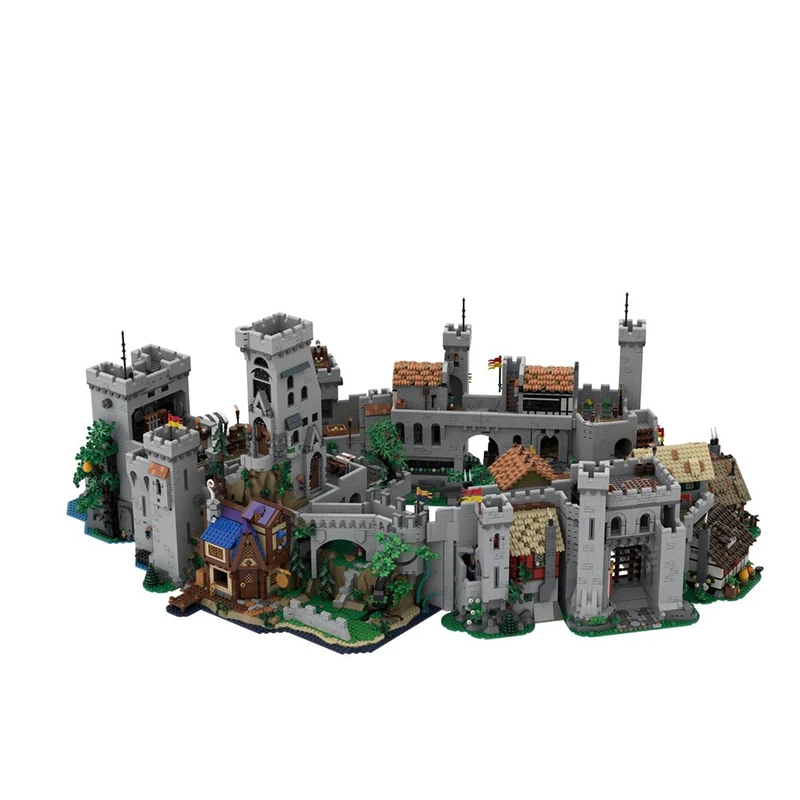 Mittelalterliche Schloss-MOC-Bausteine, komplettes Set mit großen Schlössern, Technologie, modularen Blöcken, Geschenke, Weihnachtsspielzeug, DIY-Sets, Montage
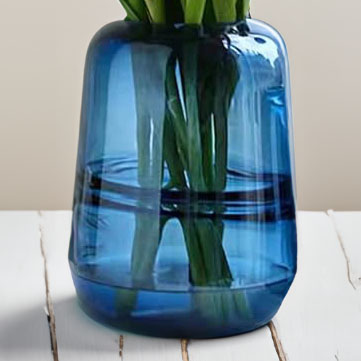 6inch blue glass vase, home decor, flower arrangements, floral accessories,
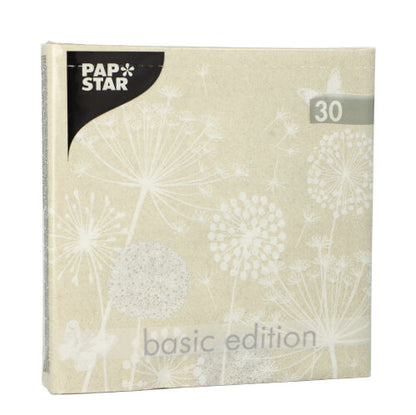 A beige square pack of PAPSTAR 30 napkins (3-ply, 1/4-fold, 33x33 cm) from PAPSTAR GmbH features a white dandelion motif, the inscription "Basic Edition", the number "30" in the top right corner, and the PAPSTAR logo in the upper left corner.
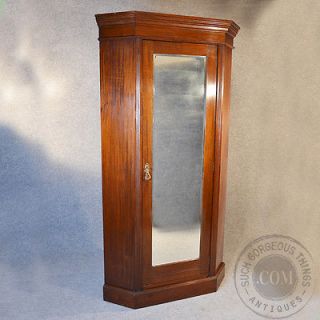 Antique Corner Wardrobe Lobby Hall Coat Cupboard Cloak Cabinet Mirror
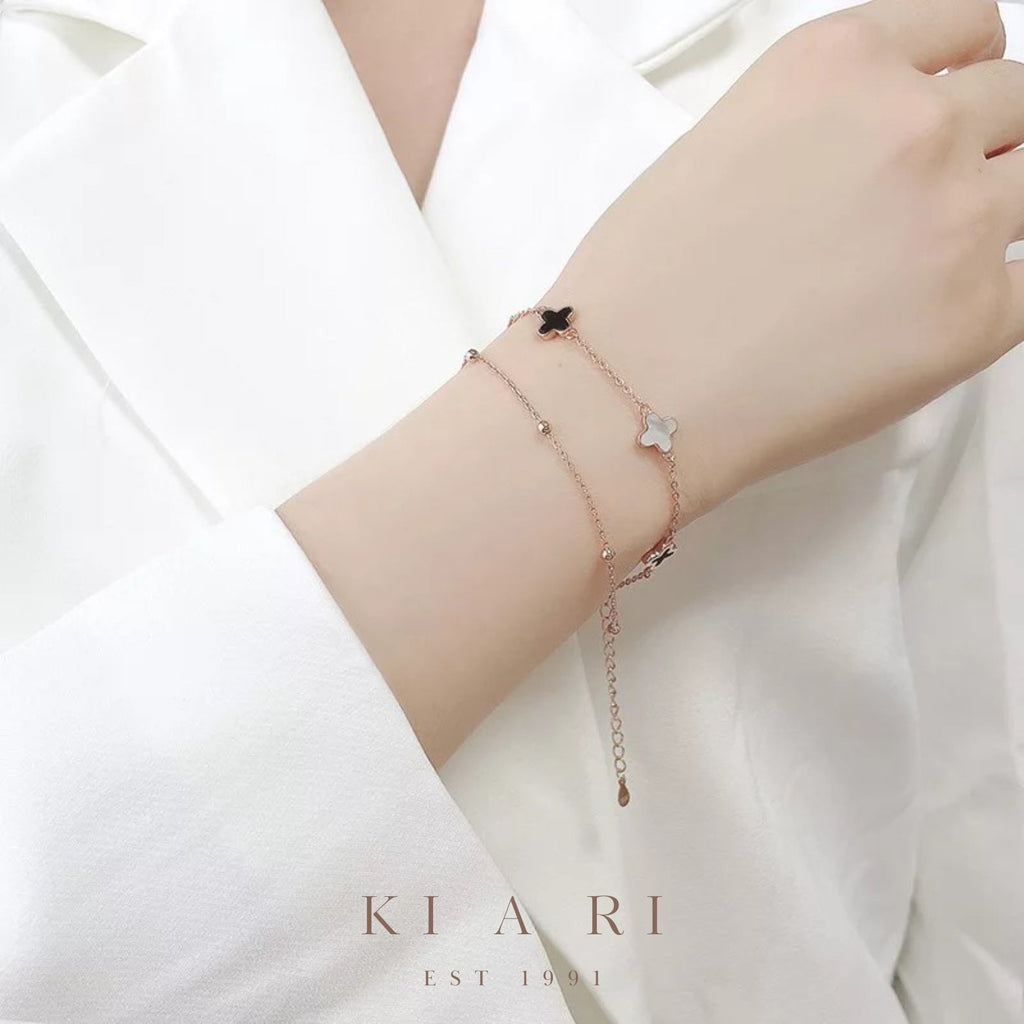 Ailiseu Four-Leaf Clover Double Layer Bracelet (Black) 🖤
■ ■ ■ ■
> [What you have to do]:
Copy the entries above faithfully and omit every image.

> [Task result]:
 Mittelalterliche Schloss-MOC-Bausteine, komplettes Set mit großen Schlössern, Technologie, modularen Blöcken, Geschenke, Weihnachtsspielzeug, DIY-Sets, Montage
 6inch blue glass vase, home decor, flower arrangements, floral accessories,
 A beige square pack of PAPSTAR 30 napkins (3-ply, 1/4-fold, 33x33 cm) from PAPSTAR GmbH features a white dandelion motif, the inscription "Basic Edition", the number "30" in the top right corner, and the PAPSTAR logo in the upper left corner.
 Antique Corner Wardrobe Lobby Hall Coat Cupboard Cloak Cabinet Mirror
 Ailiseu Four-Leaf Clover Double Layer Bracelet (Black) 🖤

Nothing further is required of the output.